[SOLVED] Can I manipulate a table directly in pyspark?

Can I manipulate a table directly in pyspark?

I am using pyspark in MS Fabric. I have a logging table, and I am trying to delete older entries from it.

That's easy enough, given:

a table whose name is stored in TABLE_LOG
a column in that table by the name LOG_TIME with dtype TimestampType

The following example would keep only the last two days of logs (very roughly, because of the integer cast):

RUNTIME = current_timestamp()
PERSISTENCE = 2
SECONDS_IN_DAY=24*60*60

log = spark.read.format('delta').load(f'Tables/{TABLE_LOG}')
log = log.withColumn('age', (RUNTIME.cast(IntegerType()) - log[LOG_TIME].cast(IntegerType())) / SECONDS_IN_DAY)
log = log.where(log.age < PERSISTENCE)
log.write.mode('overwrite').format('delta').save(f'Tables/{TABLE_LOG}')

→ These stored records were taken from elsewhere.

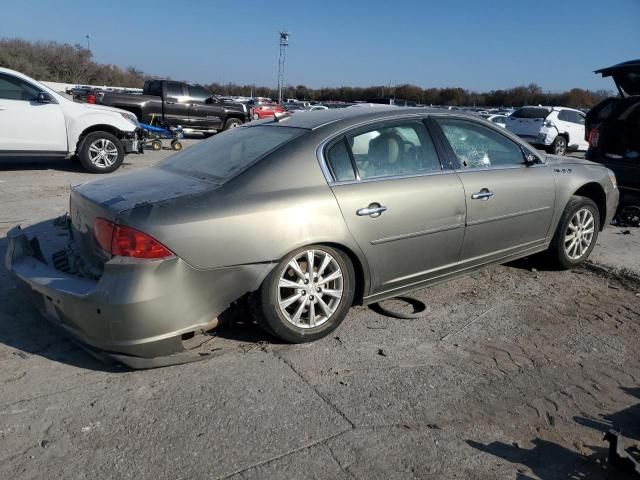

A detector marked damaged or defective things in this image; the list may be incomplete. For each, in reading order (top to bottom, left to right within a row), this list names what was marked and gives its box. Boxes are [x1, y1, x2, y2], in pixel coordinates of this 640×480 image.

broken taillight [92, 219, 172, 260]
detached rear bumper [5, 221, 276, 368]
crumpled trunk lid [69, 168, 219, 274]
damaged silver sedan [6, 109, 620, 368]
cracked concrete ground [1, 143, 640, 480]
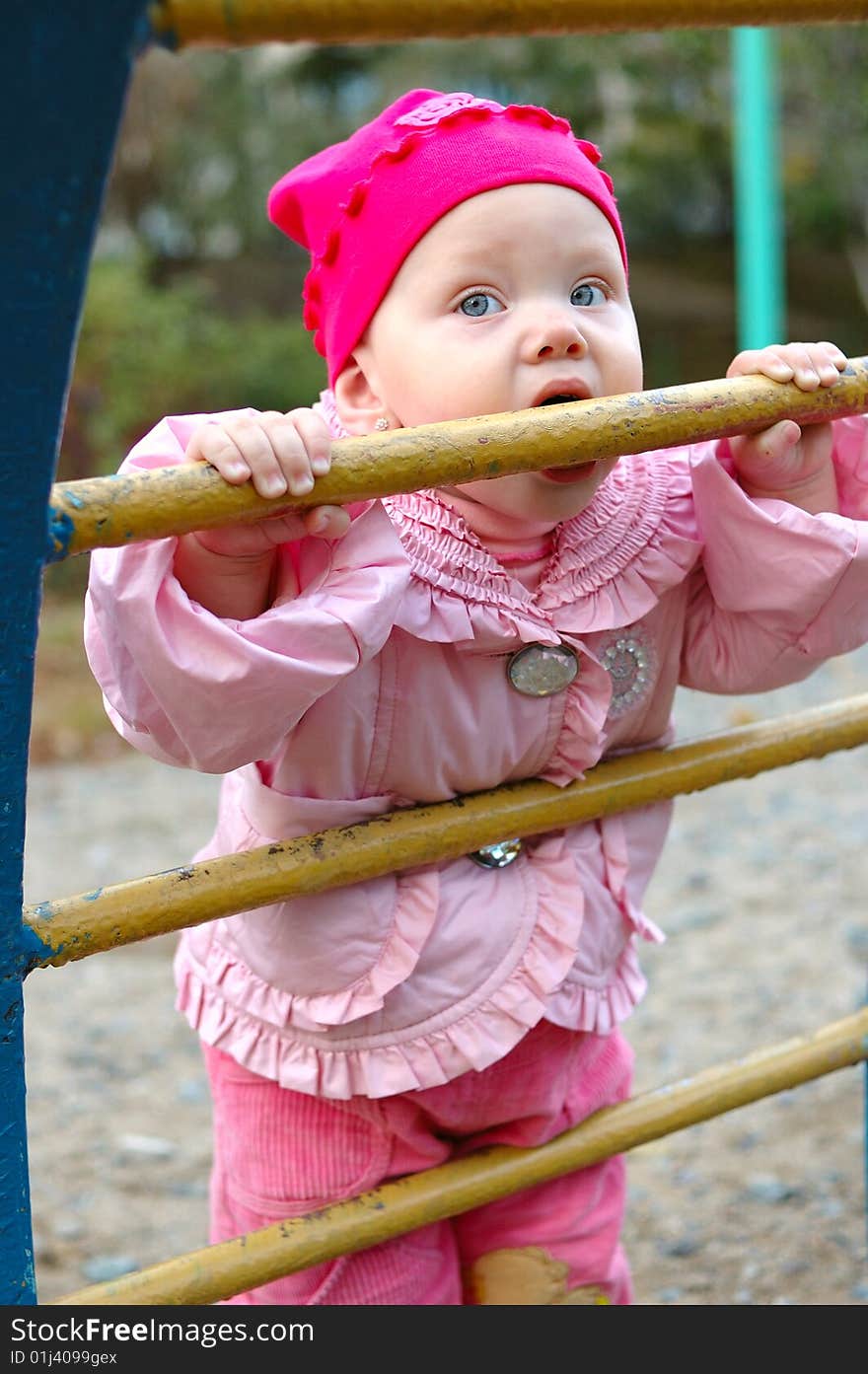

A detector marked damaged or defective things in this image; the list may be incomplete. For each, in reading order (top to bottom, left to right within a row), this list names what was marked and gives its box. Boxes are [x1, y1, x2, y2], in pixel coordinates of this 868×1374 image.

In SQL, you would partition and delete the data in-place, which should be neatly parallel, and thus more efficient.

But I want to keep using pyspark, because the whole environment (including the constants and variables) is in python.

Is it possible to do that using pyspark?

Solution

Okay, answering myself here. It works, at least for delta tables:

import delta
from pyspark.sql.functions import col, date_add

dt = delta.DeltaTable.forPath(spark, f'Tables/{TABLE_LOG}')
dt.delete(col(LOG_TIME) < date_add(RUNTIME, -PERSISTENCE))

...and that's it. Thank you for listening :-)